Source data:
++++++

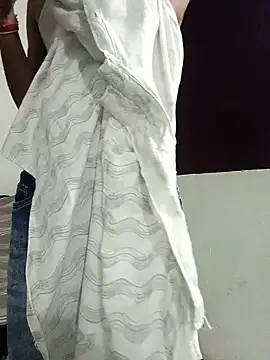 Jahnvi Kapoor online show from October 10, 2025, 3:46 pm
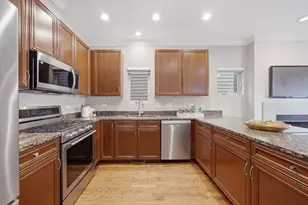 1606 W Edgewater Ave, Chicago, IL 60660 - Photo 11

++++++

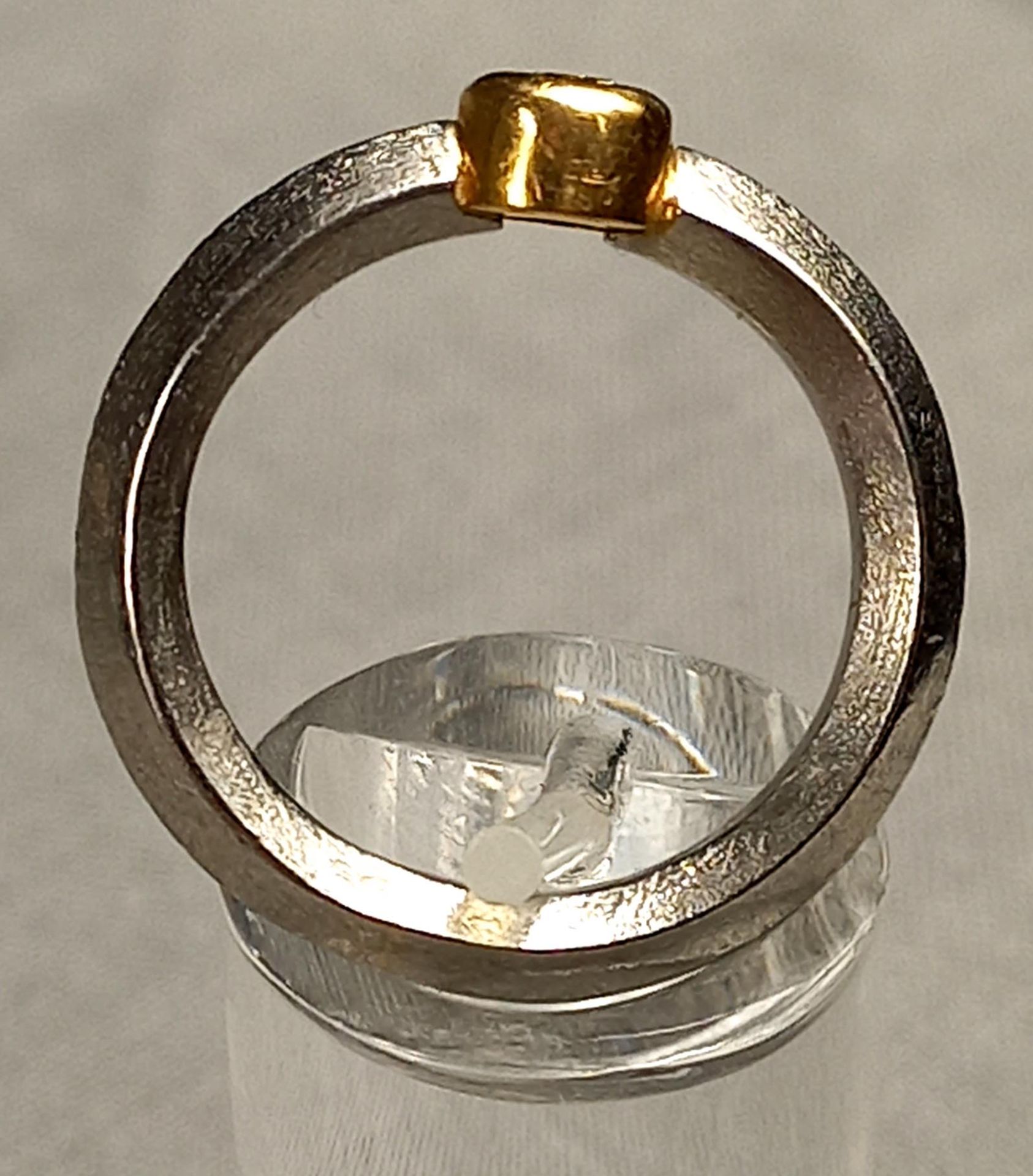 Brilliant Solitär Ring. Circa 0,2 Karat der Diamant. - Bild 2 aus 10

++++++

Task statement:
Leave out the images and write out the lines above exactly, from the one with "Jahnvi Kapoor online" up to and including the one with "1606 W Edgewater".

Expected output:
 Jahnvi Kapoor online show from October 10, 2025, 3:46 pm
 1606 W Edgewater Ave, Chicago, IL 60660 - Photo 11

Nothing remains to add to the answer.